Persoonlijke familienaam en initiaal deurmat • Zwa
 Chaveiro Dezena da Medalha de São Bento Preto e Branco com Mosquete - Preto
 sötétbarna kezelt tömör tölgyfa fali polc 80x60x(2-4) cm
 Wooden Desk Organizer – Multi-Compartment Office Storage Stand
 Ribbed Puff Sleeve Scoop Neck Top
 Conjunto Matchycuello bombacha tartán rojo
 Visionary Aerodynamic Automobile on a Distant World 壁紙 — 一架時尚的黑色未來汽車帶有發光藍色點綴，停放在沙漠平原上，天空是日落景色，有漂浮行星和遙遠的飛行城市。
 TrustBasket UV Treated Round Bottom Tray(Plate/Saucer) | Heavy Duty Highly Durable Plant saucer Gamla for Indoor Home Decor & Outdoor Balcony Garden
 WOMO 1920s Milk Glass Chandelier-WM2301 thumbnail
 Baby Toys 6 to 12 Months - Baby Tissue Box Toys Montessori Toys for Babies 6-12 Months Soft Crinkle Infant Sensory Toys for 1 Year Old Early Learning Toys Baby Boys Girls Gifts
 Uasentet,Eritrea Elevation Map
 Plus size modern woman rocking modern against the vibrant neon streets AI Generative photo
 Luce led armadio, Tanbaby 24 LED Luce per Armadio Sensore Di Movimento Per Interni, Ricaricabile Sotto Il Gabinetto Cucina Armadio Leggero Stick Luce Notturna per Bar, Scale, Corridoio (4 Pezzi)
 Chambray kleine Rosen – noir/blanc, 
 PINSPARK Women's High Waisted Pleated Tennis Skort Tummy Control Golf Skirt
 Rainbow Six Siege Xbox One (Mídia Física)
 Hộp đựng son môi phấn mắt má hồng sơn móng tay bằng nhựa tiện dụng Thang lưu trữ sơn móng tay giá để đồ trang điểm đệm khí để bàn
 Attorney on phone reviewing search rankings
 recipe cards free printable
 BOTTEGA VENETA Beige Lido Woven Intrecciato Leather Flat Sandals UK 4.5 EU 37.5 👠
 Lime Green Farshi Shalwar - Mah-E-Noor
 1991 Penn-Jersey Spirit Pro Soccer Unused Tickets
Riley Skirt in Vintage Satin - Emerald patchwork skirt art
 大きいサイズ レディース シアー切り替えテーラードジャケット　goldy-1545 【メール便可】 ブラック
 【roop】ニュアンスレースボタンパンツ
◆ ◆ ◆ ◆ ◆ ◆ ◆
- GOAL OF THE EXERCISE -
Across the whole listing, every line must be copied exactly.

- SOLVED EXERCISE -
Persoonlijke familienaam en initiaal deurmat • Zwa
 Chaveiro Dezena da Medalha de São Bento Preto e Branco com Mosquete - Preto
 sötétbarna kezelt tömör tölgyfa fali polc 80x60x(2-4) cm
 Wooden Desk Organizer – Multi-Compartment Office Storage Stand
 Ribbed Puff Sleeve Scoop Neck Top
 Conjunto Matchycuello bombacha tartán rojo
 Visionary Aerodynamic Automobile on a Distant World 壁紙 — 一架時尚的黑色未來汽車帶有發光藍色點綴，停放在沙漠平原上，天空是日落景色，有漂浮行星和遙遠的飛行城市。
 TrustBasket UV Treated Round Bottom Tray(Plate/Saucer) | Heavy Duty Highly Durable Plant saucer Gamla for Indoor Home Decor & Outdoor Balcony Garden
 WOMO 1920s Milk Glass Chandelier-WM2301 thumbnail
 Baby Toys 6 to 12 Months - Baby Tissue Box Toys Montessori Toys for Babies 6-12 Months Soft Crinkle Infant Sensory Toys for 1 Year Old Early Learning Toys Baby Boys Girls Gifts
 Uasentet,Eritrea Elevation Map
 Plus size modern woman rocking modern against the vibrant neon streets AI Generative photo
 Luce led armadio, Tanbaby 24 LED Luce per Armadio Sensore Di Movimento Per Interni, Ricaricabile Sotto Il Gabinetto Cucina Armadio Leggero Stick Luce Notturna per Bar, Scale, Corridoio (4 Pezzi)
 Chambray kleine Rosen – noir/blanc, 
 PINSPARK Women's High Waisted Pleated Tennis Skort Tummy Control Golf Skirt
 Rainbow Six Siege Xbox One (Mídia Física)
 Hộp đựng son môi phấn mắt má hồng sơn móng tay bằng nhựa tiện dụng Thang lưu trữ sơn móng tay giá để đồ trang điểm đệm khí để bàn
 Attorney on phone reviewing search rankings
 recipe cards free printable
 BOTTEGA VENETA Beige Lido Woven Intrecciato Leather Flat Sandals UK 4.5 EU 37.5 👠
 Lime Green Farshi Shalwar - Mah-E-Noor
 1991 Penn-Jersey Spirit Pro Soccer Unused Tickets
Riley Skirt in Vintage Satin - Emerald patchwork skirt art
 大きいサイズ レディース シアー切り替えテーラードジャケット　goldy-1545 【メール便可】 ブラック
 【roop】ニュアンスレースボタンパンツ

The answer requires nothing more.